Figure 3. Flowchart of launch vehicle sensor based on MMFD algorithm.

In order to improve detection accuracy and reduce the rate of false alarm and false alarms, a twofold threshold is used for fault detection. After determining the detection threshold DT and absolute threshold, the dual threshold detection method is as follows.

  1. 1) When the weighted sum of squares of residuals (WSSR) ${Z_\tau }(k)$ exceeds the detection threshold for three consecutive moments, it is regarded to have a failure, i.e., ${Z_\tau }(k) \gt $ DT, where k = t, t + 1, t + 2.

  2. 2) When the WSSR ${Z_\tau }(k)$ exceeds the absolute threshold at a certain time, it is considered to have a failure, i.e., ${Z_\tau }(k) \gt D{T_{Max}}$ .

4.2 Isolation strategy based on multimodel fault diagnosis algorithm

The above methods can only detect and isolate a single fault. In order for the diagnostic system to be able to detect and isolate both actuator and sensor faults, a corresponding isolation strategy needs to be derived.

Since the weak coupling of the SCKF set, the first localisation of faults is performed using this filter set. We can deduct from Equation (38) that several sets of SCKF residuals exceed the threshold when an actuator fails. Considering the extremely low probability of multiple sensors failing at the same time, the multifault isolation technique based on the MMFD algorithm is as follows.

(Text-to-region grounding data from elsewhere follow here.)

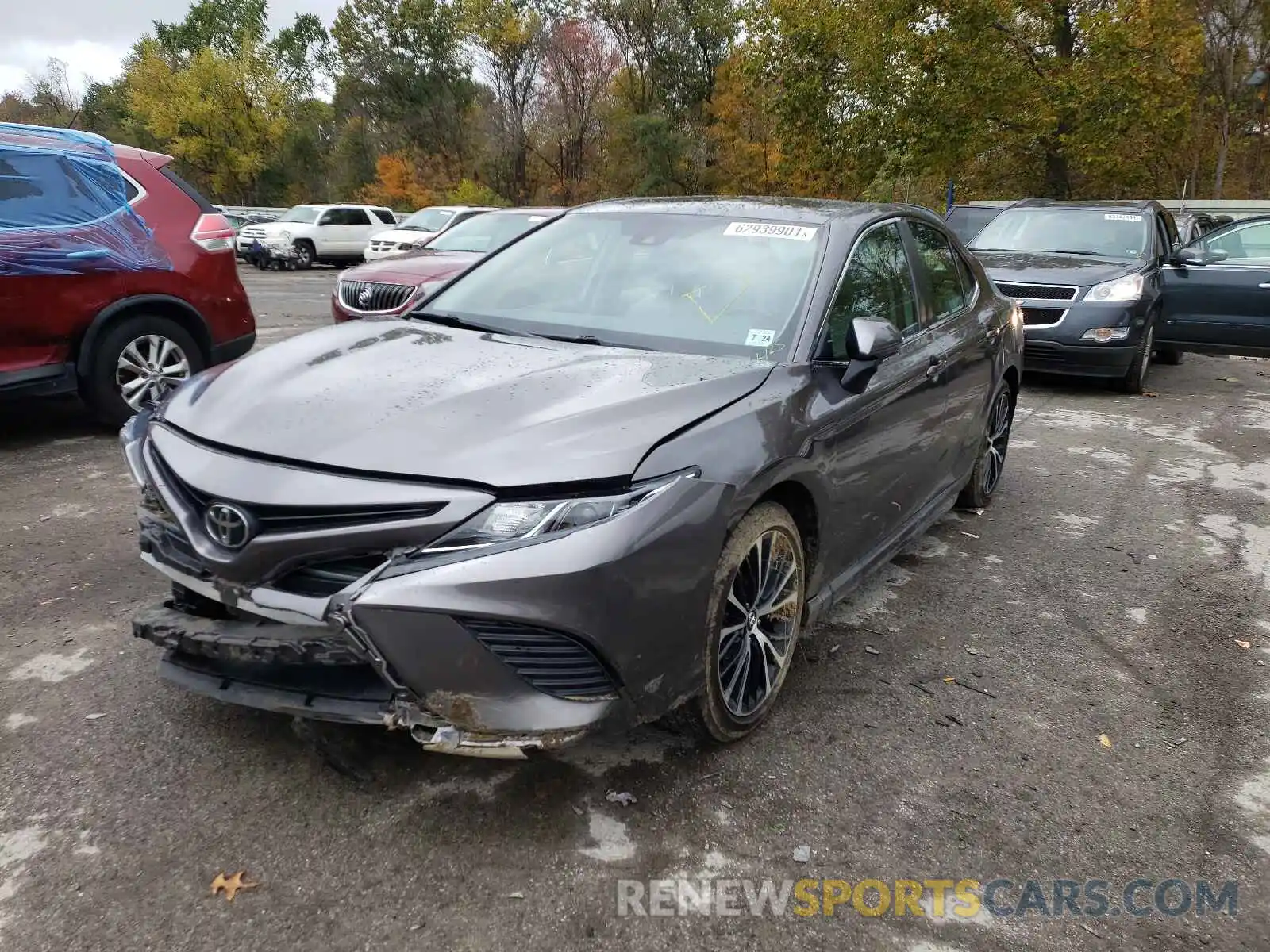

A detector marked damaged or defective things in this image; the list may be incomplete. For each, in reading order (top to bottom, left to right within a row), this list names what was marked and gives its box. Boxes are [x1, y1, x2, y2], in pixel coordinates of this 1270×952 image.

cracked asphalt [2, 269, 1270, 952]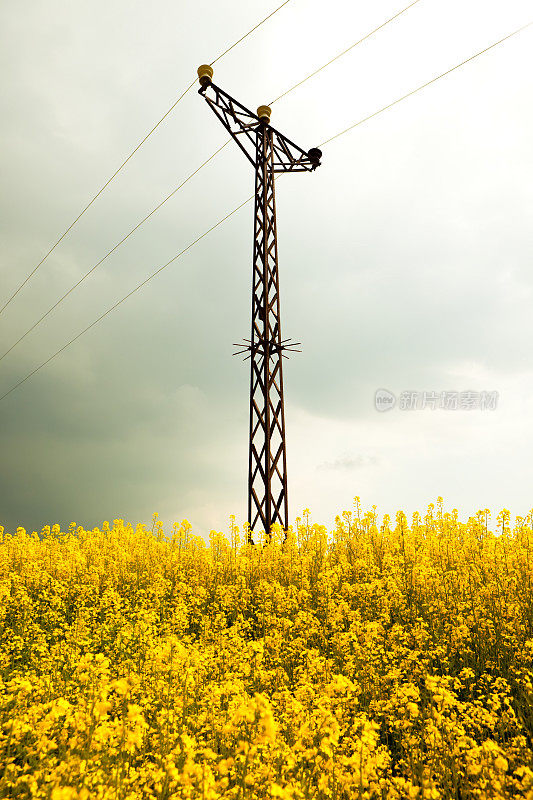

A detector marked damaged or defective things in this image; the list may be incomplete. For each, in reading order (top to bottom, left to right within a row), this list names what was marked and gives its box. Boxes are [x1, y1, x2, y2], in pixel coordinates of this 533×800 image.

rusty steel structure [196, 65, 318, 540]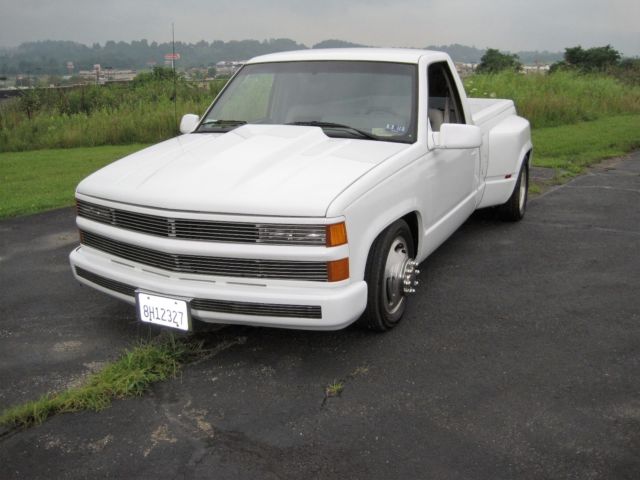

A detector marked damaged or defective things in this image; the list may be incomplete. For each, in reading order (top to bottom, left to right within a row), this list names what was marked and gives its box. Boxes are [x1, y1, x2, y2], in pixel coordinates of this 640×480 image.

cracked asphalt [1, 154, 640, 480]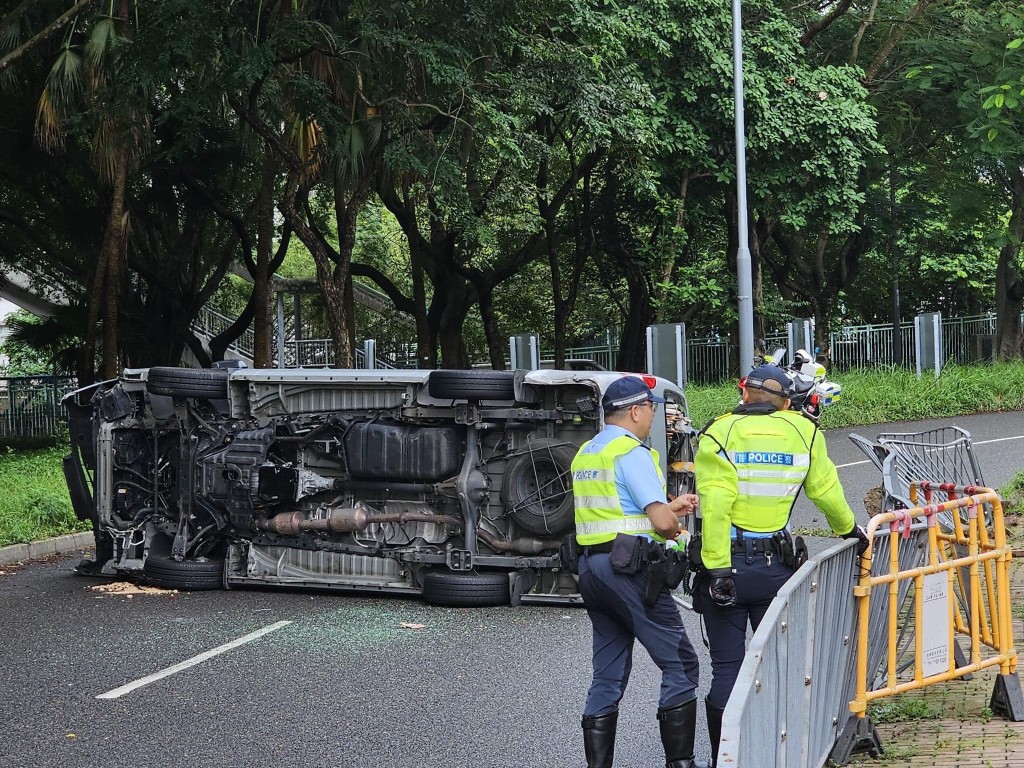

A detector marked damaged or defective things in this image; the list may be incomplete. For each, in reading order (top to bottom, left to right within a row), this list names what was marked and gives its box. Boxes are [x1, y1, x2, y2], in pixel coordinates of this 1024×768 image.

overturned vehicle [64, 368, 696, 608]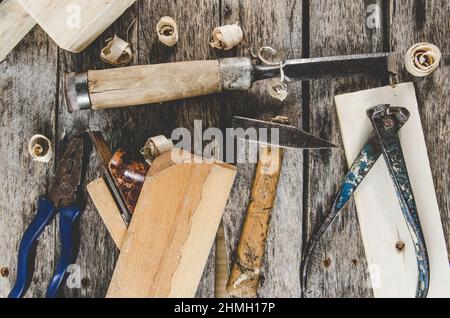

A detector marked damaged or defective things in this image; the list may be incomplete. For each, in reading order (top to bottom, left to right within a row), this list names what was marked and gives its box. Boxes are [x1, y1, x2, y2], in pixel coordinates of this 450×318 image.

rusty metal tool [63, 52, 394, 112]
rusty metal tool [8, 134, 90, 298]
rusty metal tool [89, 130, 149, 225]
rusty metal tool [227, 117, 336, 298]
rusty metal tool [300, 104, 430, 298]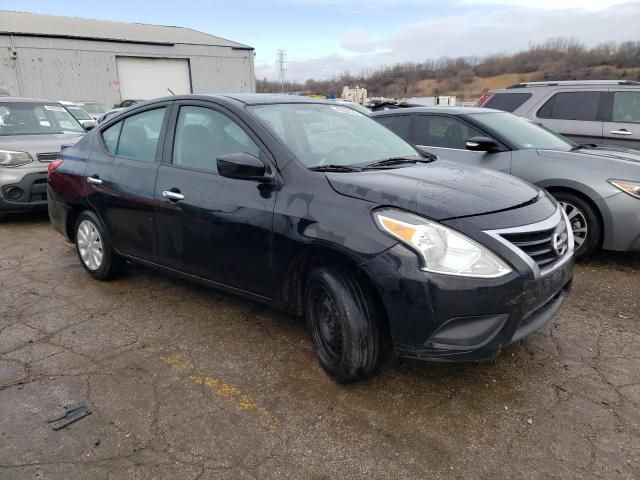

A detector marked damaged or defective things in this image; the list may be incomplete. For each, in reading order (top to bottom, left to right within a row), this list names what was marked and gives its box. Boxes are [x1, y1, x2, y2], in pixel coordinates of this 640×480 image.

cracked pavement [1, 215, 640, 480]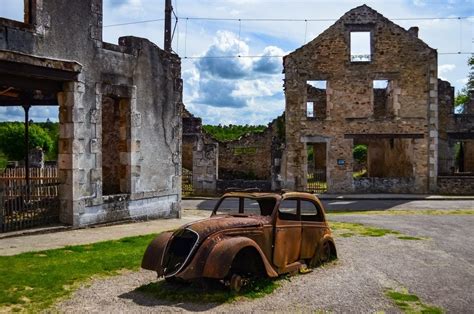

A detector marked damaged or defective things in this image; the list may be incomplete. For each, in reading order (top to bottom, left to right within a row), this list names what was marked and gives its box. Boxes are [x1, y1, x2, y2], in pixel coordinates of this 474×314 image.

abandoned car [141, 191, 336, 292]
rusty car [141, 191, 336, 292]
rusted metal body [142, 191, 336, 284]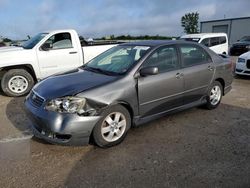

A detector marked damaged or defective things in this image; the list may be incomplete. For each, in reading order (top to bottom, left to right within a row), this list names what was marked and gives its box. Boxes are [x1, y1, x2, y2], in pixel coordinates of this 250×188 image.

dented hood [33, 68, 119, 100]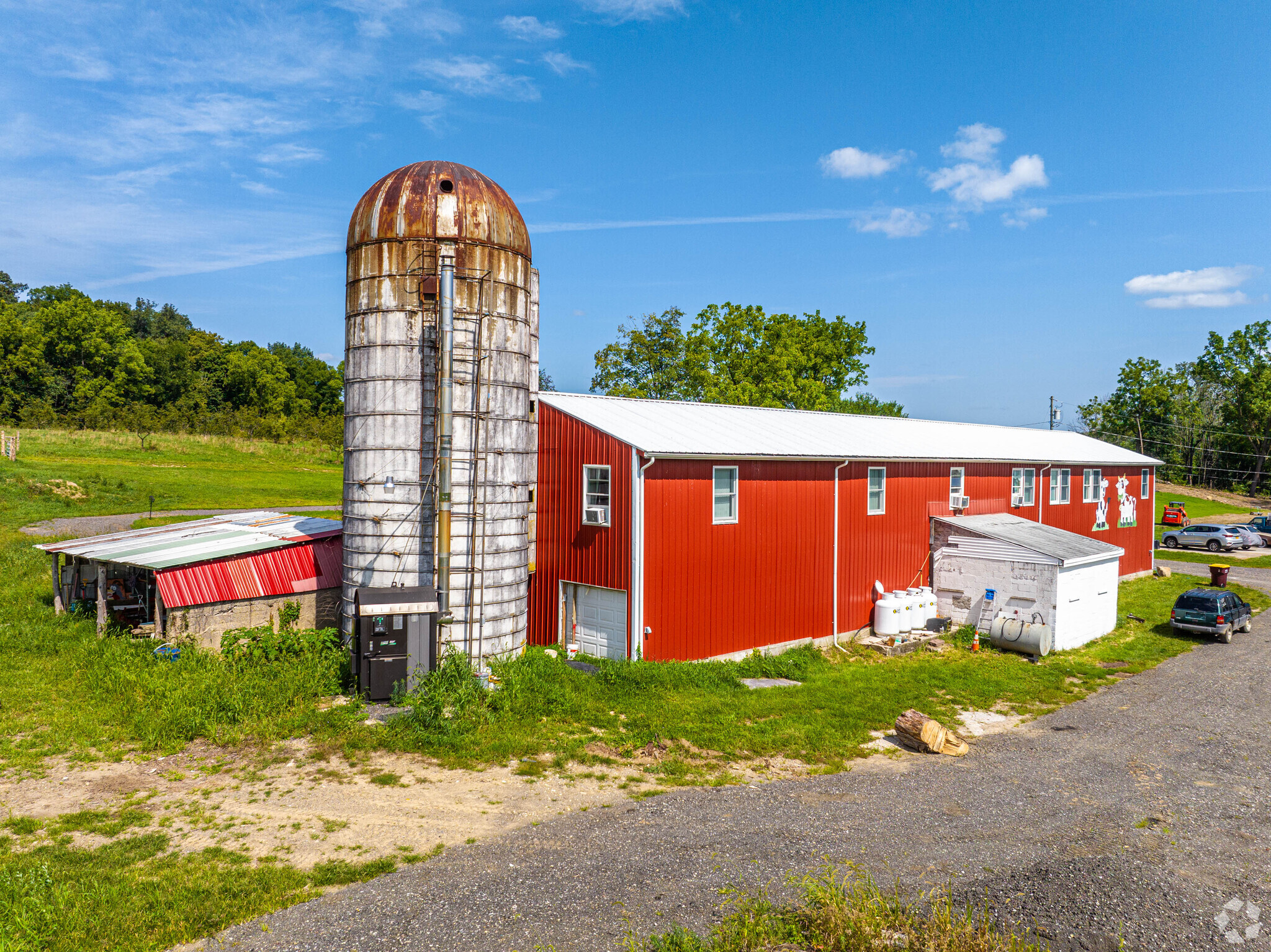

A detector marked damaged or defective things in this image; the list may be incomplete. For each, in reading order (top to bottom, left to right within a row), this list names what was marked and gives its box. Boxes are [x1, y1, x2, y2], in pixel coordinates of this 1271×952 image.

rusty domed silo roof [345, 161, 529, 261]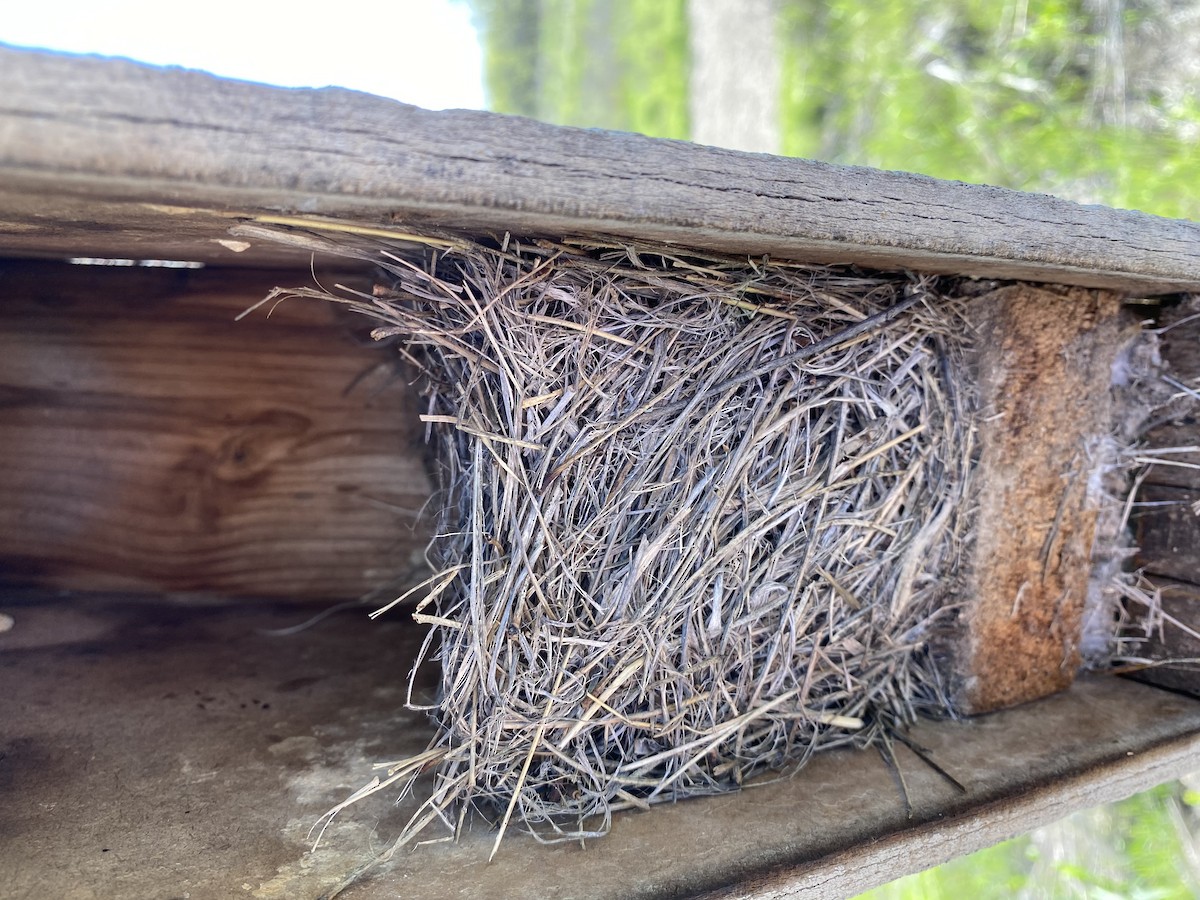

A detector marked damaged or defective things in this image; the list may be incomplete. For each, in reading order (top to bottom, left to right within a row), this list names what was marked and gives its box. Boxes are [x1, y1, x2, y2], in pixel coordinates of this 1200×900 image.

brown rust stain [960, 285, 1128, 715]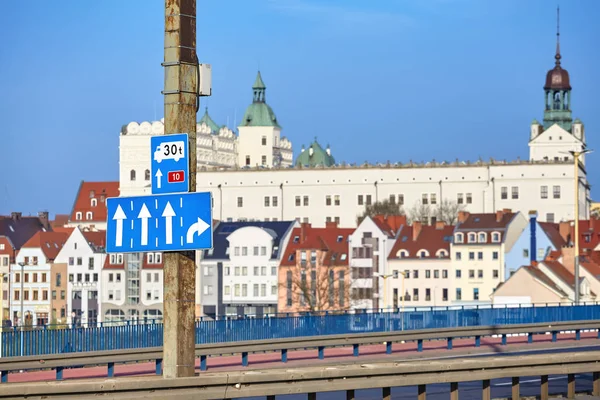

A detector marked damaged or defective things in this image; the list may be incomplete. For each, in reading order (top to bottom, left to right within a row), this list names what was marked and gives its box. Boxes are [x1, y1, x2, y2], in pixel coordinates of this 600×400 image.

weathering rust on pole [162, 0, 197, 378]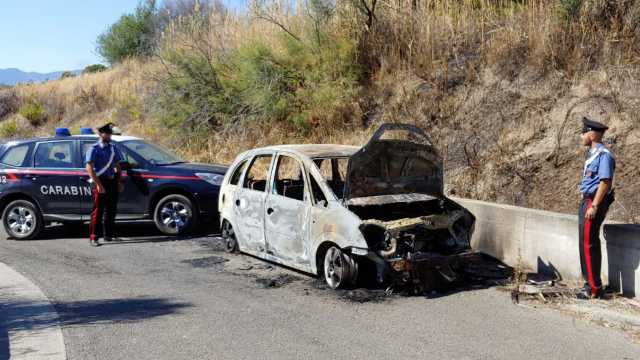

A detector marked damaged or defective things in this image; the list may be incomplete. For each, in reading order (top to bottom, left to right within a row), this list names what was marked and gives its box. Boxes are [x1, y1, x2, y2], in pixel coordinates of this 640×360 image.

burnt car [220, 124, 476, 292]
burned car body [220, 124, 476, 292]
charred hood [342, 124, 442, 201]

  1. 1) When only one set of WSSR of SCKF exceeds the threshold, it indicates that the sensor is defective and can be recognised directly.

  2. 2) When multiple sets of WSSR of SCKF exceed the threshold, it indicates that the actuator is faulty. Then, the actuator corresponding to the EKF (ACEKF) group is utilised to achieve further isolation and localisation. The multifault isolation strategy of the launch vehicle is shown in Fig. 4.

    Figure 4. Multi-fault detection and isolation strategy of launch vehicles.

On the basis of the above method, the fault detection and isolation of actuators and sensors were accomplished. Further, richer actuator fault information was obtained by utilising EKF, laying the foundation for FTC of the launch vehicle.

5.0 Fault tolerant control under launch vehicle failure

The ACS is broken into two parts: the basic control law (BCL) and the control distribution law (CDL). Among them, the BCL generally includes the PD control and correction network, whose primary duty is to calculate the rocket attitude angle information measured on the arrow during flight through the basic control law to obtain the virtual control commands for the three channels of rocket pitch, yaw and roll ( $\delta _\varphi ^s\;,\;\delta _\psi ^s\;,\;\delta _\gamma ^s$ ); The commands of the BCL are then assigned to the core and boost channels according to a predetermined distribution ratio to obtain the respective equivalent swing angle commands ( ${\rm{\;}}\delta _{\varphi xj}^s\;,\;\delta _{\psi xj}^s\;,\;\delta _{\gamma xj}^s$ and $\delta _{\varphi zt}^s\;,\;\delta _{\psi zt}^s\;,\;\delta _{\gamma zt}^s$ ). The CDL’s purpose is to deliver comparable swing angle orders to the servo mechanisms on the core stage and boost motors, causing each swing motor to swing to create control torque and, ultimately, adjust the rocket’s flying attitude. Figure 5 illustrates the specific flow.

Figure 5. Structure of launch vehicle attitude control system [Reference Yang, Xie, Cheng, Song and Cui24].

5.1 Fault tolerant control under actuator failure

The CDL redistributes the engine swing angle so that the redistributed control torque is equal to the desired generated control torque to achieve FTC under the rocket fault, with the following mathematical expression (the detailed derivation process is shown in Appendix A).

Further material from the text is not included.